- Born: July 4, 1896 London, England
- Died: February 8, 1985 (aged 88) Hambledon, Hampshire, England
- Allegiance: United Kingdom
- Branch: British Army
- Rank: Major-General
- Commands: 3rd Battalion, Coldstream Guards
- Conflicts: First World War Second World War
- Awards: Knight Grand Cross of the Royal Victorian Order, Companion of the Order of St Michael and St George, Commander of the Order of the British Empire, Military Cross, Mentioned in Dispatches

= Guy Salisbury-Jones =

British Army general

Major-General Sir Arthur Guy Salisbury-Jones (4 July 1896 - 8 February 1985) was a British Army officer and the Marshal of the Diplomatic Corps in the Royal Households of George VI and Elizabeth II between 1950 and 1961.

== Early life and military career ==
Salisbury-Jones was the son of Arthur Thomas Salisbury-Jones.
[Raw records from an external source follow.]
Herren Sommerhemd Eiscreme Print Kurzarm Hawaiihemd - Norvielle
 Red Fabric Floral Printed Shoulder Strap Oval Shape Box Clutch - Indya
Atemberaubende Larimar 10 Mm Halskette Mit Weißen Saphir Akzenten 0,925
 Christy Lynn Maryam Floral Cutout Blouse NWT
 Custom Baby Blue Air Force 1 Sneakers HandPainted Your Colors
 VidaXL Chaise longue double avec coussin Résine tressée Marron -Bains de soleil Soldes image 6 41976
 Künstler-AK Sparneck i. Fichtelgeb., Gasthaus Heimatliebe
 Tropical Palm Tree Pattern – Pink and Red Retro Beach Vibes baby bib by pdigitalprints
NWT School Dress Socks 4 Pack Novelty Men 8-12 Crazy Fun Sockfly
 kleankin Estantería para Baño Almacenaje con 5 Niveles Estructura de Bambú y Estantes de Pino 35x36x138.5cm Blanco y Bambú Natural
He was commissioned into the Coldstream Guards from the Royal Military College, Sandhurst on 22 December 1915. He saw action on the Western Front in the First World War with the Guards, and was Mentioned in Dispatches and awarded the Military Cross. He ended the war as a Major.

Salisbury-Jones served as the commanding officer of the 3rd Battalion, Coldstream Guards, in Palestine between 1938 and 1939. Following the outbreak of the Second World War he served with British forces in Egypt, before becoming Head of the British Military Mission to Greece in 1940. After the defeat of Allied forces there, he became Head of the Military Mission in South Africa and became Acting Brigadier. Between 1944 and 1945, Salisbury-Jones worked at the Supreme Headquarters Allied Expeditionary Force. He was invested as a commander of the Order of the British Empire in August 1945. After the war, he headed up the British Military Mission to France before ending his military career as military attaché in Paris from 1946 to 1949. From 1948 to 1949 he served as Aide-de-camp to King George VI. He worked in the Royal Household as Marshal of the Diplomatic Corps from 1950 to 1961.

== Wine making and retirement ==
When he retired he looked to combine his love of France with his home in Hambledon, Hampshire. As a result, in 1951 he planted an acre of vines (Seyval Blanc), which was later expanded and in 1954 produced the first crop. This was the first commercial vineyard in the UK for about twenty years and led to the now flourishing production of English wine. In the 1960s and 1970s 'Hambledon' became synonymous with English wine.

He was made a Knight Grand Cross of the Royal Victorian Order on 20 December 1961. He wrote the biography of the distinguished French general, Jean de Lattre de Tassigny.

== Family ==
He married Hilda Violet Helena de Bunsen, daughter of Sir Maurice de Bunsen, 1st Baronet on 10 November 1931. His sister in law was Mary de Bunsen, the Air Transport Auxiliary pilot. His daughter, Mariette Helena, married Nathaniel Fiennes, 21st Baron Saye and Sele. Salisbury-Jones died at Hambledon in 1985.